A face-saving option? 

But, speaking on the sidelines of the meeting, James Acton, co-director of the nuclear programme at the Carnegie Endowment for International Peace, told MEE that it was clear that Trump's advisers understand the implications of leaving the deal. “They are looking for a face-saving way for him to avoid certifying the deal but for the deal to survive nonetheless. “Whether this strategy will work is unclear,” he said.

Acton pointed to reported moves by the US secretary of state, Rex Tillerson, to defend the Iran agreement.

The warning from the organisation over Trump comes amid fears in Western capitals that a nuclear Iran would lead to even great proliferation in the Middle East, where Israel is the only known nuclear power.

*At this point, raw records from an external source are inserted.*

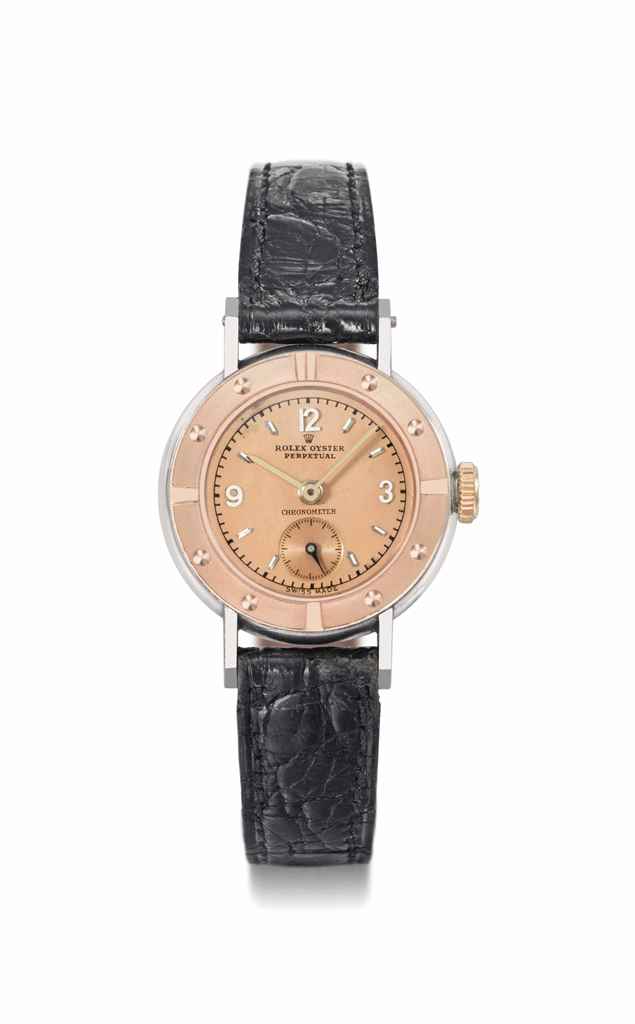 Source: Christie's Image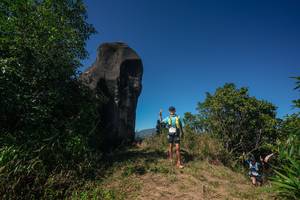 BIB: 
                            <button type="button" onclick="openModal(26582664)" class="btn btn-primary btn-sm float-right btn-popup" data-toggle="modal" data-target=".modal-high-quality">
                        <i class="fas fa-shopping-cart"></i> Add to Cart
                    </button>
                                            <button type="button" onclick="isThisMe(26582664, true)" class="btn btn-success btn-sm float-right btn-popup btn-isme hidden" data-toggle="tooltip" data-placement="bottom" title="นี่คือรูปของคุณใช่ไหม คลิกที่นี่เพื่อเอาเข้าอัลบั้ม">
                        <i class="fas fa-plus"></i> Add to album
                    </button>
                    <button type="button" onclick="isThisMe(26582664, false)" class="btn btn-warning btn-sm float-right btn-popup btn-isnotme hidden">
                        <i class="fas fa-ban"></i> Remove from album
                    </button>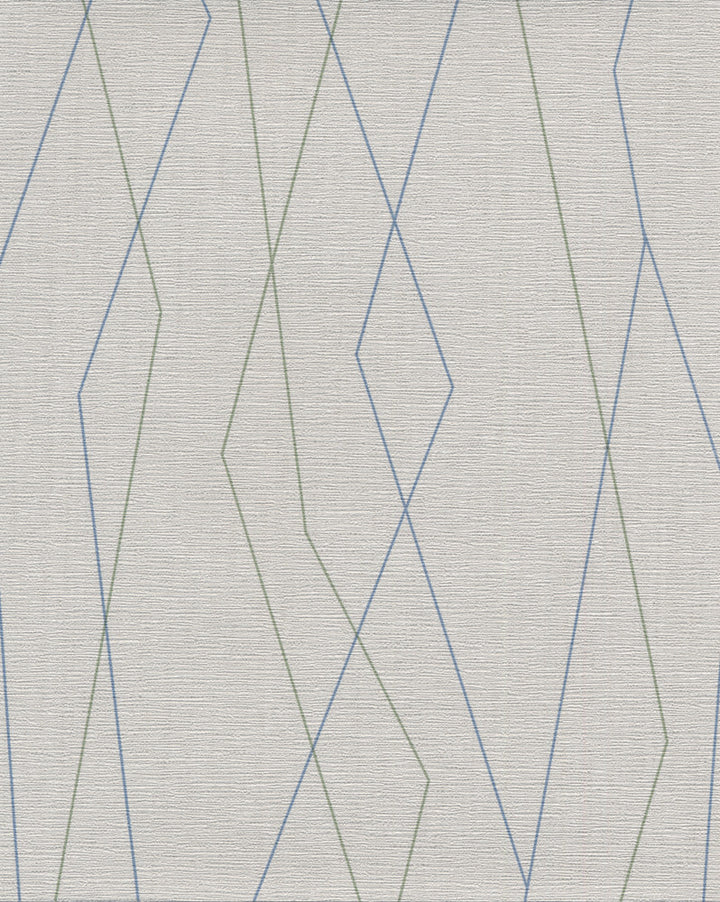 by York Wallcoverings Texture Digest - Fabric Carolina -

In the event of a collapse in the agreement, Uzi Arad, a former national security adviser to Israel's prime minister, Benjamin Netanyahu, told MEE that Israel will “retain and even hint at having unilateral action options”.

But he added it would prefer “containing and stopping Iranian progress towards military nuclear capability in concert with the US and other like-minded allies".

Formally, Israel says it will not be the first country to introduce nuclear weapons in the Middle East and has led calls for a hardline policy to curb Iran's nuclear ambitions. 

However, analysts say Israel is an undeclared nuclear power: it has a nuclear plant in the southern city of Dimona, in the Negev desert, and is believed to have a formidable nuclear arsenal.